─── Supplied information ───

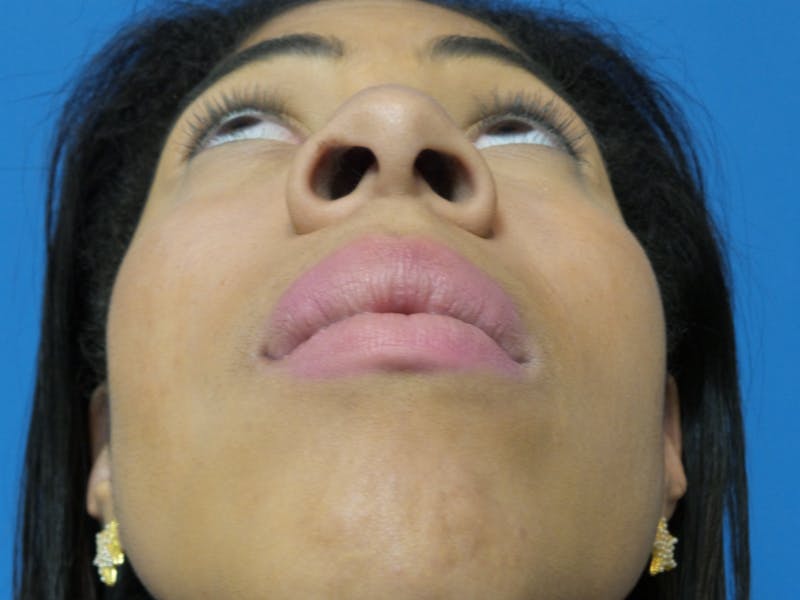 Rhinoplasty Before & After Gallery - Patient 975446 - Image 7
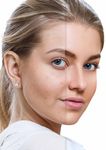 Innovative non-invasive mesotherapy solutions - mesoskinline ...
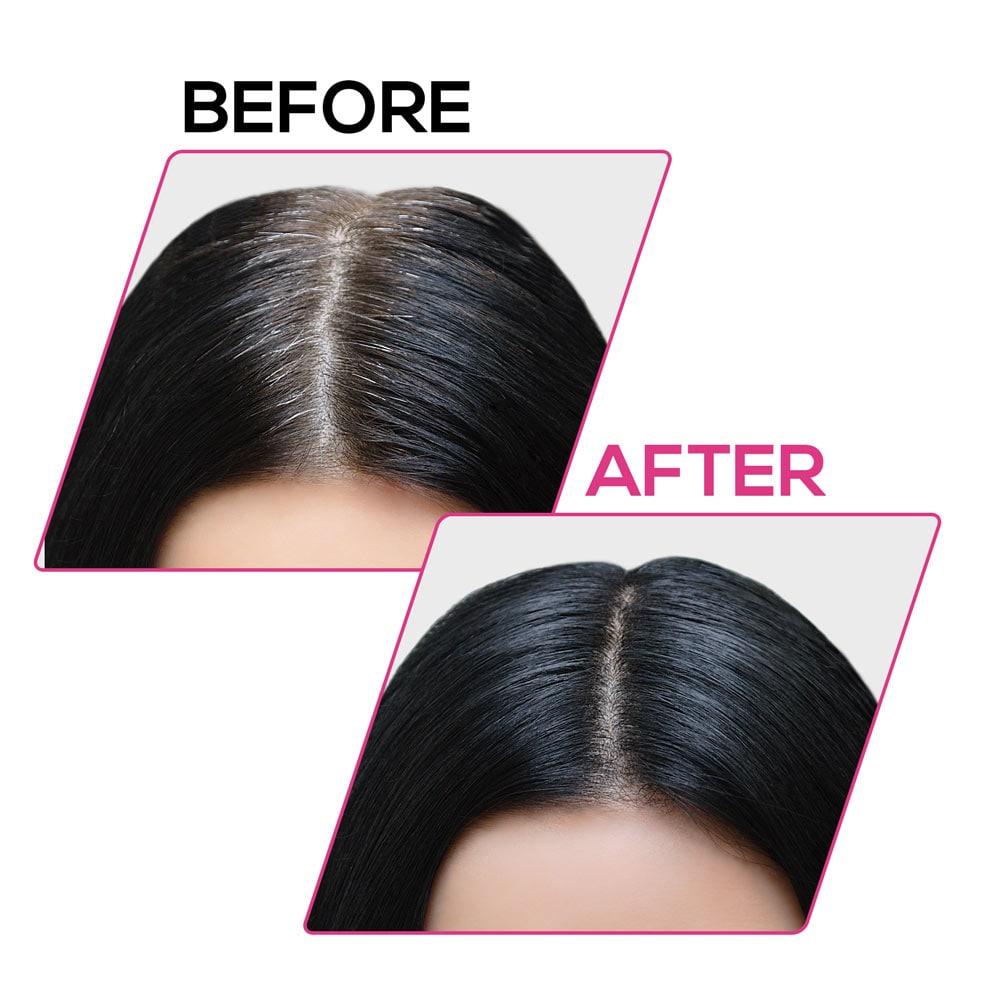 Hair Volume Powder for Men & women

───

**Work required**
Word for word, restate the whole listing and drop the images.

**Answer to the problem**
 Rhinoplasty Before & After Gallery - Patient 975446 - Image 7
 Innovative non-invasive mesotherapy solutions - mesoskinline ...
 Hair Volume Powder for Men & women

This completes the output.